In a statement signed by Mr Shasore on Saturday, he said he is disappointed that the case made against him hinged on false statements.
He described the federal government’s position as spiteful personal attacks on his professional conduct and reputation.
“I was instructed in this matter and accepted the instructions on behalf of my firm and to the knowledge of my partners in late 2012 and I made every effort to defend and vindicate my client at every stage with very few tools and with minimal support from within the government itself,” Mr Shasore said.
“I represented Nigeria up until the liability stage in the arbitration. I did not represent Nigeria in the damages stage of the arbitration. Which means I was not involved when the huge sum of damages was awarded against Nigeria. The complete records will show the series of steps that I took to defend Nigeria and the several results, which I secured in that effort at various stages.”

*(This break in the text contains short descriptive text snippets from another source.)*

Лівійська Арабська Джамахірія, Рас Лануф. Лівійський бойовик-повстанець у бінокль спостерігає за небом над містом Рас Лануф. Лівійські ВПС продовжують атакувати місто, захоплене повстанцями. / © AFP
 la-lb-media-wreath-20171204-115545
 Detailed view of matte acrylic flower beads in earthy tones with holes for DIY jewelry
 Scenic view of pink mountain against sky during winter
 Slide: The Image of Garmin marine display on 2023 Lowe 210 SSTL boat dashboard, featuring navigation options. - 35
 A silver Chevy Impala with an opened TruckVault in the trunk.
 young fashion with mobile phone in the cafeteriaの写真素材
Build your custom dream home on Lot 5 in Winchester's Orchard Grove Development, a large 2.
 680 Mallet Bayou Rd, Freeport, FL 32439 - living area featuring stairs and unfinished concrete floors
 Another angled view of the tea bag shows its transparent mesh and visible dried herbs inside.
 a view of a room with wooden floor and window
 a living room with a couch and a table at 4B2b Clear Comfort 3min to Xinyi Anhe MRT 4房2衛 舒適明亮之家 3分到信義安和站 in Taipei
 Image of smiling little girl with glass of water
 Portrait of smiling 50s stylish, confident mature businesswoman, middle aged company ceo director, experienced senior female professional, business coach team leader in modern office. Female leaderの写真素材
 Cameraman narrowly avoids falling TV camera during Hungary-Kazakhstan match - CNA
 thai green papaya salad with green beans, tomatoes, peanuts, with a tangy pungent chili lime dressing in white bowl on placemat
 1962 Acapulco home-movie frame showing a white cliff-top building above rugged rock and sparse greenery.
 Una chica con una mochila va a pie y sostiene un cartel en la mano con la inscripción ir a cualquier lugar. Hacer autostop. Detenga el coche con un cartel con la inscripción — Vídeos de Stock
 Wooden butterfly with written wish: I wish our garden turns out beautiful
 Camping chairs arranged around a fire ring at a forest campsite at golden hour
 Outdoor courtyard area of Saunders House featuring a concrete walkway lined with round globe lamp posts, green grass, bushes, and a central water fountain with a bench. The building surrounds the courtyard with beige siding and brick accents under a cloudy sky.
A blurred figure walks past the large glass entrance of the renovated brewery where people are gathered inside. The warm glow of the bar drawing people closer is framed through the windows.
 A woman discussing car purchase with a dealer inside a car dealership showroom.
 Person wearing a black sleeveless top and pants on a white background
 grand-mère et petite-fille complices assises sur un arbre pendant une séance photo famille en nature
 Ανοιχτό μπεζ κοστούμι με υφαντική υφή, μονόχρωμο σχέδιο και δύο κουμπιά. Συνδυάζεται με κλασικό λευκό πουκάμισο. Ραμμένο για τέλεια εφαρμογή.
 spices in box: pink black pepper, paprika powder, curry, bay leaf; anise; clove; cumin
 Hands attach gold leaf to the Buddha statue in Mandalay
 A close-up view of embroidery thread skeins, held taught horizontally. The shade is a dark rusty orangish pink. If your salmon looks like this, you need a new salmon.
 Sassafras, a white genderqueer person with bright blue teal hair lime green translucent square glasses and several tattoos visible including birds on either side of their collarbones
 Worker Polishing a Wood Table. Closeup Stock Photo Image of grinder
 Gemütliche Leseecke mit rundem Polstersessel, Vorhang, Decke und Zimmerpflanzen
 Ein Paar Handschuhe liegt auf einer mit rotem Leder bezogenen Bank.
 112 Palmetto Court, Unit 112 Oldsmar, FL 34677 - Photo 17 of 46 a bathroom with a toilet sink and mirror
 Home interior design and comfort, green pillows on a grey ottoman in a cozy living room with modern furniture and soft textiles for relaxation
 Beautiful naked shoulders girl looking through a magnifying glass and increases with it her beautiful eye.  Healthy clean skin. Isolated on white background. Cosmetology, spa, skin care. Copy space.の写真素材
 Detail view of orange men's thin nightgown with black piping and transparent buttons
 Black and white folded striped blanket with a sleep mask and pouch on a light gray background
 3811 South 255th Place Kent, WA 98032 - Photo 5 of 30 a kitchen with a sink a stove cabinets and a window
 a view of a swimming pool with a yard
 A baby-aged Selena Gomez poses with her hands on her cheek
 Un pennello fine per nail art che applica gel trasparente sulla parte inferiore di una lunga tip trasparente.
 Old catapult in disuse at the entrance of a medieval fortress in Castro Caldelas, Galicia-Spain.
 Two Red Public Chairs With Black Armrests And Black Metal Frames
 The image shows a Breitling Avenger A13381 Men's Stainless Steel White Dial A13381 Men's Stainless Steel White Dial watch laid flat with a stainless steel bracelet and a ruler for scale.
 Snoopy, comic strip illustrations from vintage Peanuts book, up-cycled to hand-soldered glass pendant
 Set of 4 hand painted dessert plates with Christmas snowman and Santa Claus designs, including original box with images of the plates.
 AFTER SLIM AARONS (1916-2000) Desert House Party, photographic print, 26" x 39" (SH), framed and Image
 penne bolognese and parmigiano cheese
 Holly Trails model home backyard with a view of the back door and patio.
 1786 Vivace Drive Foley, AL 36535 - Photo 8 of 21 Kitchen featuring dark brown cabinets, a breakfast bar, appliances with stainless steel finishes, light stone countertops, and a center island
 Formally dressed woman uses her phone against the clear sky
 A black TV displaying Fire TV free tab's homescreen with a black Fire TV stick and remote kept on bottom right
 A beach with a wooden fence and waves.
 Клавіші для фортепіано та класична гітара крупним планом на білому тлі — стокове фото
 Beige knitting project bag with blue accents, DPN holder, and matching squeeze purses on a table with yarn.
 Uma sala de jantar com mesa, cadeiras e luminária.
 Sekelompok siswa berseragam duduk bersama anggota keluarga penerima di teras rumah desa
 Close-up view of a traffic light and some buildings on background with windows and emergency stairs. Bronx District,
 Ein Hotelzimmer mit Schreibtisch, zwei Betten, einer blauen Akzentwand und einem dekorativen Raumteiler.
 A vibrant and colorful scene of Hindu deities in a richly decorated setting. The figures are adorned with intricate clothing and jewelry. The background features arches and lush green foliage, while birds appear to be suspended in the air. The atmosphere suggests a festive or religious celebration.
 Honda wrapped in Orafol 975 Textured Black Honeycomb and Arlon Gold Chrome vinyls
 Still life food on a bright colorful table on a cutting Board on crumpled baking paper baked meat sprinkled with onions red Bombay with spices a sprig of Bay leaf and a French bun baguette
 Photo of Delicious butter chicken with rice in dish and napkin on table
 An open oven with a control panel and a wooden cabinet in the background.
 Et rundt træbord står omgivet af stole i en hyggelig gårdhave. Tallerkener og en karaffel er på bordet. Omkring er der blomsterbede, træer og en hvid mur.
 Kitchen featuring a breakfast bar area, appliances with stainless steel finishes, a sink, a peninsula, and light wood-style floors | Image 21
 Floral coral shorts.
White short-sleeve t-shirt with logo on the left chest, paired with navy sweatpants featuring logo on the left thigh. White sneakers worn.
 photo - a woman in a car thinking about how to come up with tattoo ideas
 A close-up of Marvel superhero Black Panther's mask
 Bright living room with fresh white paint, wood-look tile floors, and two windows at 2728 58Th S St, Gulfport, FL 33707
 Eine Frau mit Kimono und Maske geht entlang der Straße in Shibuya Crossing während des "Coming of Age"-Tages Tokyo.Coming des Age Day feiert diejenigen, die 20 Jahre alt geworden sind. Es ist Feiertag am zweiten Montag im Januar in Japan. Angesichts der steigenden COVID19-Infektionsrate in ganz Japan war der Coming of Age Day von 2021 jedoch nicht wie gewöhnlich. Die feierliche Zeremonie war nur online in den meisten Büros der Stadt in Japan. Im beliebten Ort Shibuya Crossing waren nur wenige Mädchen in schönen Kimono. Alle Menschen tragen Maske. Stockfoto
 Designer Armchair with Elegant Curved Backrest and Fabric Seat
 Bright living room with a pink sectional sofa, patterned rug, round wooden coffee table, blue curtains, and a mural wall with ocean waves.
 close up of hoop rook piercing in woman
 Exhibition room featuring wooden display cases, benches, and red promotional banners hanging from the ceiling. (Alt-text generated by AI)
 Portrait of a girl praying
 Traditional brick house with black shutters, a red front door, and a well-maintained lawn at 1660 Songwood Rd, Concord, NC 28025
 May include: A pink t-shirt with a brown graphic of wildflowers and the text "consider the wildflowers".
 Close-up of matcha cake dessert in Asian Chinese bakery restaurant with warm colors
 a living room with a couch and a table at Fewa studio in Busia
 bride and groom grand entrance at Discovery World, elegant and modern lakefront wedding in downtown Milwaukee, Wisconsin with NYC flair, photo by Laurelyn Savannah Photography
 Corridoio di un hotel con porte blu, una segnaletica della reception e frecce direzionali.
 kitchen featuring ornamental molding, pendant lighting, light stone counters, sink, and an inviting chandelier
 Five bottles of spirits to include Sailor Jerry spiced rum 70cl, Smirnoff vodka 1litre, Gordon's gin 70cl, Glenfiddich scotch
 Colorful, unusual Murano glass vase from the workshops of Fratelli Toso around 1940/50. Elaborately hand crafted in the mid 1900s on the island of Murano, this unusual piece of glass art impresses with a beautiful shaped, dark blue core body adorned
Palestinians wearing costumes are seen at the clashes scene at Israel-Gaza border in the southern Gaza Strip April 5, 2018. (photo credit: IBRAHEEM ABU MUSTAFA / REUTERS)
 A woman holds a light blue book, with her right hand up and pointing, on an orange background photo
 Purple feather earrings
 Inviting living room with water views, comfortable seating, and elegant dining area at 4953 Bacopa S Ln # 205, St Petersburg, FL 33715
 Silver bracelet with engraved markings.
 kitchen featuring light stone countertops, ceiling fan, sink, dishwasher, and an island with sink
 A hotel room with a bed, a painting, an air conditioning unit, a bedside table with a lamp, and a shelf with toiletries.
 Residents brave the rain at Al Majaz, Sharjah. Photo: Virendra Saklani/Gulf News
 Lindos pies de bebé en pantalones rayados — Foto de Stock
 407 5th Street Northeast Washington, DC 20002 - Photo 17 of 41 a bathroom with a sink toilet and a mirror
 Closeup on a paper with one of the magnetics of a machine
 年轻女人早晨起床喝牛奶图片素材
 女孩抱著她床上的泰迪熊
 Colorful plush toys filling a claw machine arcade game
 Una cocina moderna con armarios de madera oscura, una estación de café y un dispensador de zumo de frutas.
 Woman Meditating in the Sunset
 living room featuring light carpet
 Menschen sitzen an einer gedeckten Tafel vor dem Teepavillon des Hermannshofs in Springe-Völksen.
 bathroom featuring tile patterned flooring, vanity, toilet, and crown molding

He noted that he put up the best defence with very little or no cooperation from relevant government officials at the time.
“I filed a jurisdiction objection that potentially could and should indeed have terminated the case in favour
of Nigeria because it was clear to us from the beginning that the contract was a scheme against Nigeria.”
“When the then Nigerian officials failed to supply documents or any witness to defend their case, I fought liability by enlisting the support of the legal adviser of NNPC who gave evidence to the best of his knowledge when everyone else with knowledge, refused to do so.”
As part of efforts made, Mr Shasore added that he obtained an injunction restraining the parties and the tribunal from proceeding with the arbitration then.
Speaking on the legal fees, he stated that it was payment to two law firms and not exceptional or unusual in the context of such a dispute.
“In fact, in order to extract the best possible case for Nigeria, it was from these fees that expenses were paid to ensure attendance at hearings and meetings in the UK by witnesses for Nigeria.”
While he neither debunked or confirmed the allegations of bribery and corruption, he reaffirmed his commitment and professional integrity “to always act in the best interest of Nigeria, victimized by fraud and corruption.”
However, Mr Shasore failed to explain why he made suspicious payments to NNPC officials and why he failed to challenge or push for the nullification of the witness statement of Mr Quinn who died while the arbitration proceedings were underway.
He claimed he got no cooperation from officials of the then government. But he did not say why he did not withdraw from the matter in protest against uncooperative officials.